Souvent, le grand prix est attribué à une œuvre d’envergure, à qui les jurés n’osent donner la récompense suprême au prétexte que le public la trouverait trop difficile. Par exemple, ces deux grands artistes que sont Robert Bresson et Andreï Tarkovski, qui n’ont jamais reçu de Palme d’or, ont obtenu ex aequo, en 1983, le « grand prix du cinéma de création » pour, respectivement, L’Argent et Nostalghia. Cette année, ce même grand prix est allé à Close, de Lukas Dhont, un mélo qui étouffe l’émotion à force de joliesse et de sensibilité mignarde. Et à Stars at Noon, l’un des films les moins réussis d’une cinéaste chevronnée, Claire Denis, qui a par ailleurs donné la vedette à Vincent Lindon dans trois de ses films (ce qui n’a pas été beaucoup relevé alors que la Palme accordée à Michael Haneke par Isabelle Huppert, présidente du jury en 2009, qui avait auparavant tourné deux films avec lui, avait soulevé de nombreux commentaires en ce sens).

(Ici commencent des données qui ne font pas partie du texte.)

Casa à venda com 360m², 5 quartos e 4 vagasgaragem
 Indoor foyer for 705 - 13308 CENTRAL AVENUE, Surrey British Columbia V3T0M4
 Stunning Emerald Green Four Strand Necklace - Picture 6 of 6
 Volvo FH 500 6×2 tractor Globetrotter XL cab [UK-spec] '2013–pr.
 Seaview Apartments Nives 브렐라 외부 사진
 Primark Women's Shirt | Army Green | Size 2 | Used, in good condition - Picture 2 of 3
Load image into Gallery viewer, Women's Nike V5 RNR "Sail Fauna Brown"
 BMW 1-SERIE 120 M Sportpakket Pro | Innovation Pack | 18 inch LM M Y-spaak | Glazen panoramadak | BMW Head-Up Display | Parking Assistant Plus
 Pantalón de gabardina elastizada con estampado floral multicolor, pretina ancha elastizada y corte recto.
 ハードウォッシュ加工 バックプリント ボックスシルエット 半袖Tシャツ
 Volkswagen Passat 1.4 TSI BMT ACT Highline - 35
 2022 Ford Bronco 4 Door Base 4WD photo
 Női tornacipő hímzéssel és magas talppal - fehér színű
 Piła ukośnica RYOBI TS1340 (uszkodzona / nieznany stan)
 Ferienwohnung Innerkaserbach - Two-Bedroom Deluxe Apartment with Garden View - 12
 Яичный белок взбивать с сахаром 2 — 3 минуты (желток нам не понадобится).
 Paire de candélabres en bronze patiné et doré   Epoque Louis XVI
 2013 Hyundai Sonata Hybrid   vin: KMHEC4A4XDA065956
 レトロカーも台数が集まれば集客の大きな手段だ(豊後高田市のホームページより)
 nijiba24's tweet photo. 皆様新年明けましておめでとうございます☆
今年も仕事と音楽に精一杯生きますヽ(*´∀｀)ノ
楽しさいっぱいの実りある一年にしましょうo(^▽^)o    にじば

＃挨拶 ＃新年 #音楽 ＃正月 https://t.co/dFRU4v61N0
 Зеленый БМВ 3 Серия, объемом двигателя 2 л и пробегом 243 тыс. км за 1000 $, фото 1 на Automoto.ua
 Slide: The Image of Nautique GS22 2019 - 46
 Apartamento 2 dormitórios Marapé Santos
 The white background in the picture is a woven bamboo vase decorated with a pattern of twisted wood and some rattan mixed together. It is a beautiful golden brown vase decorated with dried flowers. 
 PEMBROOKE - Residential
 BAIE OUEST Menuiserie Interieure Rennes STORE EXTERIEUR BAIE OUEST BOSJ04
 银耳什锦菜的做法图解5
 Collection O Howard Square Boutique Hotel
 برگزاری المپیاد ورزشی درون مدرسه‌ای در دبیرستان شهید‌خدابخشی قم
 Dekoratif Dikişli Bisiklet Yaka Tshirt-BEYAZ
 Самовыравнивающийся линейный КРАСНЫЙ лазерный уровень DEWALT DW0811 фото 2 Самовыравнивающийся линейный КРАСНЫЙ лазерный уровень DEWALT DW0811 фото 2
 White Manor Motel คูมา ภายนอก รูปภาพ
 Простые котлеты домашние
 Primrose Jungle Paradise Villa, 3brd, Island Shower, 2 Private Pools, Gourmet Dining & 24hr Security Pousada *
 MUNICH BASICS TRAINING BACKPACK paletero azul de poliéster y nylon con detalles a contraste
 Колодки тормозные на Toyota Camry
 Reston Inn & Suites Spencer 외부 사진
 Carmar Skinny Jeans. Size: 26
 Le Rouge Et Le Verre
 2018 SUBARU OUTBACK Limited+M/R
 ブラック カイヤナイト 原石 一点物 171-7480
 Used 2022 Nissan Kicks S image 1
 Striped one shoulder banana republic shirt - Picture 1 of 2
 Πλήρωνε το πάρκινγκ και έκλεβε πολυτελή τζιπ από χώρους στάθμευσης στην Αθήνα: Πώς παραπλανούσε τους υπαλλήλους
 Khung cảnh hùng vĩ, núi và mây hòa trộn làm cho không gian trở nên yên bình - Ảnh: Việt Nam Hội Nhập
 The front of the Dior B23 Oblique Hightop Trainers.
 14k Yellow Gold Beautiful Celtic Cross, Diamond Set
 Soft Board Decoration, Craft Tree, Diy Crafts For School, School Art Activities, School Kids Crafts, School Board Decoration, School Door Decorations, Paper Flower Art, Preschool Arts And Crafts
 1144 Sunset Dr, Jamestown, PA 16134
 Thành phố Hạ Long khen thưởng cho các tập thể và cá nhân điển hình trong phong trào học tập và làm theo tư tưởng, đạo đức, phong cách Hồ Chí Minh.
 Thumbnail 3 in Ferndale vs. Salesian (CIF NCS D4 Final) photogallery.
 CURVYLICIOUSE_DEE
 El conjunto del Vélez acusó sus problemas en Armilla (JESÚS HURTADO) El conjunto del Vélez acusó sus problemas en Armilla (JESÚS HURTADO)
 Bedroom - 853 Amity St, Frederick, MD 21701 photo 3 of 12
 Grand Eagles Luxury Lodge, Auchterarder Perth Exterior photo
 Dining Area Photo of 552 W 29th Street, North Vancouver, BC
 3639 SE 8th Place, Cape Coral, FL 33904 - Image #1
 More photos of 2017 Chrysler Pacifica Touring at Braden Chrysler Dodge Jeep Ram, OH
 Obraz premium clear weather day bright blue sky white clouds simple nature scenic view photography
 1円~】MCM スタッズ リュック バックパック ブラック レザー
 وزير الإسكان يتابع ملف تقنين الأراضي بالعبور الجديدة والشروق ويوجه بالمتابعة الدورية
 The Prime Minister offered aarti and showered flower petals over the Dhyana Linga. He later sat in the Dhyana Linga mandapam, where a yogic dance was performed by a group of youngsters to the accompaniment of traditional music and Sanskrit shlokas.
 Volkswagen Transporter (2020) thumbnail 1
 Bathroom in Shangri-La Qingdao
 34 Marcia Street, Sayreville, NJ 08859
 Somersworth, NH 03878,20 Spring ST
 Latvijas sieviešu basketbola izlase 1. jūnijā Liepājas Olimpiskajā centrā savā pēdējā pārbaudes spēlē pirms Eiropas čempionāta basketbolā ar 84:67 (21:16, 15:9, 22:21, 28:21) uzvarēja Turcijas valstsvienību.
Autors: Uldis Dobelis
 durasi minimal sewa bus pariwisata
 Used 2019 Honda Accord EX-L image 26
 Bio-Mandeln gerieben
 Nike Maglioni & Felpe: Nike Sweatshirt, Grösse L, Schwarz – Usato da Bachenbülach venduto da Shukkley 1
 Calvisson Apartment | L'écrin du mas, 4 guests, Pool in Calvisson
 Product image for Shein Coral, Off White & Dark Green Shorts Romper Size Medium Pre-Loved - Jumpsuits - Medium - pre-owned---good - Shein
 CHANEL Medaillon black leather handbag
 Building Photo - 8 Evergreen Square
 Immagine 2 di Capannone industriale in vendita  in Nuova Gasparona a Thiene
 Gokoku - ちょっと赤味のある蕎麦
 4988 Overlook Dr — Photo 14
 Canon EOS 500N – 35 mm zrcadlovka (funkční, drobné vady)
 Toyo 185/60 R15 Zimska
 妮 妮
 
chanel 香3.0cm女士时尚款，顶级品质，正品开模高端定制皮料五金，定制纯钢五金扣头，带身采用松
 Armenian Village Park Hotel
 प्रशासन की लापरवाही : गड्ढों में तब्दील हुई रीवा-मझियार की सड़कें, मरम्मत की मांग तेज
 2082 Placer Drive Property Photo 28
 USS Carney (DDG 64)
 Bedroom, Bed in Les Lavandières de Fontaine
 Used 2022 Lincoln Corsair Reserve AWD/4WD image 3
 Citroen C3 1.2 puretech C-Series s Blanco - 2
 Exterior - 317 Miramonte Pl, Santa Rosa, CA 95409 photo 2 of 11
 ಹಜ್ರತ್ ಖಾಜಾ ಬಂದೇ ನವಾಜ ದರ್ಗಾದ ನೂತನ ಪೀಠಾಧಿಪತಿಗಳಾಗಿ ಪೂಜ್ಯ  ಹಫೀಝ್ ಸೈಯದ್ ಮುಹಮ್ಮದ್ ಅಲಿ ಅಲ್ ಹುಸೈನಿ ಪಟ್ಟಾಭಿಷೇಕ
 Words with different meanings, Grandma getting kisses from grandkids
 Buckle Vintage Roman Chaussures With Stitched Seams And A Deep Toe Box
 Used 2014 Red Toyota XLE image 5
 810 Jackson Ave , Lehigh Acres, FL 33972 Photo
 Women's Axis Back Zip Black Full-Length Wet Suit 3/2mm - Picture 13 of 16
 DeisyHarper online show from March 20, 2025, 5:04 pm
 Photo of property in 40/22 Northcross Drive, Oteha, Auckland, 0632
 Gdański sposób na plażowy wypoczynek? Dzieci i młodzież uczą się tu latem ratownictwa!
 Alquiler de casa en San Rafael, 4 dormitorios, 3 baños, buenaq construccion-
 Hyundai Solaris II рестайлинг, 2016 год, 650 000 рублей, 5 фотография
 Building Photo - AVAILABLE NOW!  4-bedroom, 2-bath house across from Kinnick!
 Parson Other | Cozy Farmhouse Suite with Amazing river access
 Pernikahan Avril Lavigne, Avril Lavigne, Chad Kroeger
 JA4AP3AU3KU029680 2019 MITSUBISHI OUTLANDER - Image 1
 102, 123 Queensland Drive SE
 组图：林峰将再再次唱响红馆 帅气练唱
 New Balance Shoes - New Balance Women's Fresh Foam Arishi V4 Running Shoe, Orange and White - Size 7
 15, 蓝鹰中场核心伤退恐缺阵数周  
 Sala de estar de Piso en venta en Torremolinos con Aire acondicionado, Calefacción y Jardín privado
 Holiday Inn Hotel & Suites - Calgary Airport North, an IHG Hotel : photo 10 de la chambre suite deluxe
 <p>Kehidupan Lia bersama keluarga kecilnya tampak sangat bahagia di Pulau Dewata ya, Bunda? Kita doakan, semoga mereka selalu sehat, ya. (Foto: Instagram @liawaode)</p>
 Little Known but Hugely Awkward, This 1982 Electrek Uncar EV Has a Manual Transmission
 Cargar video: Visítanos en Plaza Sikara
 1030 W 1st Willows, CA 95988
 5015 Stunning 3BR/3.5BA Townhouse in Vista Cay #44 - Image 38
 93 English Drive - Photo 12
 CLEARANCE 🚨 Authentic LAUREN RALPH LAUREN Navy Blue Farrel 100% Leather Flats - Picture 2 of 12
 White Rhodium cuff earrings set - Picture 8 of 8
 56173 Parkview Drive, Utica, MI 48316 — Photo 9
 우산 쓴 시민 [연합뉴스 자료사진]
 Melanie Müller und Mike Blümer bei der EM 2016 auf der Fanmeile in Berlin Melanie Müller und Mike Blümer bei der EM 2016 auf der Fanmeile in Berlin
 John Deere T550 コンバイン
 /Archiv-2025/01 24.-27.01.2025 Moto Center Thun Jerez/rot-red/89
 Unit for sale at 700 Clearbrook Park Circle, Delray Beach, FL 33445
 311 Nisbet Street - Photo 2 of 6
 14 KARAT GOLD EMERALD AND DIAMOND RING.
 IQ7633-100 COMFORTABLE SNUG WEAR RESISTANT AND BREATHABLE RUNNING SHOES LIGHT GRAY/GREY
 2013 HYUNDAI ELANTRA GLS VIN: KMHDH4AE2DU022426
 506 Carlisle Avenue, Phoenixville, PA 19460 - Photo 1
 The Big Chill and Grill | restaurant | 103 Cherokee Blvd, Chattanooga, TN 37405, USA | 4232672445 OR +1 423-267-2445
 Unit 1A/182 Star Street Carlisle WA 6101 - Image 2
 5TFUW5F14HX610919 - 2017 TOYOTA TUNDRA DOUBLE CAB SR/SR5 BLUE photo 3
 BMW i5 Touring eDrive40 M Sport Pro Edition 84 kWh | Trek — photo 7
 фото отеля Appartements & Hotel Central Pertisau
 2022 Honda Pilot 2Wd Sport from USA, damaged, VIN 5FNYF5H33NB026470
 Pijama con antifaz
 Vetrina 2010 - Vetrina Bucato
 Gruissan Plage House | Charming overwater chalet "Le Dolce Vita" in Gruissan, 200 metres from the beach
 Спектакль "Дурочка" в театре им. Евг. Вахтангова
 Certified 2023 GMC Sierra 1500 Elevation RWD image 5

Le prix du jury, décerné lui aussi à deux œuvres ex aequo, est emblématique d’un manque de direction dans les choix du jury. Il réunit deux films dont on peut dire de l’un qu’il est l’antonyme de l’autre. Les Huit Montagnes, de Felix Van Groeninger et Charlotte Vandermeersch, qui raconte l’histoire de deux amis d’enfance devenus grands, est aussi inodore et anodin que EO, de Jerzy Skolimowski, est impressionnant. En suivant un âne et ses mésaventures, et cela sans anthropomorphisme mais dans un univers visuel sidérant, on touche aux travers de la nature humaine et aux inquiétantes évolutions du monde.

Les autres récompenses ne sont pas moins hétéroclites. Le prix de la mise en scène va à Park Chan-Wook, qui, dans Decision to Leave, est virtuose jusqu’à l’étourdissement. Tandis que le prix du 75e anniversaire va à l’austère mais nécessaire Tori et Lokita, de Jean-Pierre et Luc Dardenne. Enfin, outre le prix du scénario à Tarik Saleh pour Boy from Heaven, les prix d’interprétation, à Zar Amir Ebrahimi (Holy Spider, d’Ali Abbasi) et à Song Kang Ho (Broker, Kore-Eda Hirokazu), sont honorables.

Quoi qu’on pense du palmarès, le milieu du cinéma porte beaucoup d’espoir sur la capacité de ces films primés à mobiliser les spectatrices et les spectateurs. Les résultats d’une nouvelle enquête expliquant la désaffection des salles, réalisée pour le Centre national du cinéma et de l’image animée et rendue publique durant le festival, n’ont pas apporté beaucoup de révélations. Cinq raisons sont invoquées : « une perte d’habitude d’aller au cinéma » (pour 38 % des sondés), « la perception du prix du billet » (36 %), « le port du masque » (33 %), « la préférence pour regarder des films sur d’autres supports » (26 %), enfin « le manque d’intérêt pour les films proposés » (23 %). Si Cannes, en ce mois de mai, a été un lieu de réjouissances cinématographiques, il faut désormais parier que celles-ci se perpétueront dans les salles.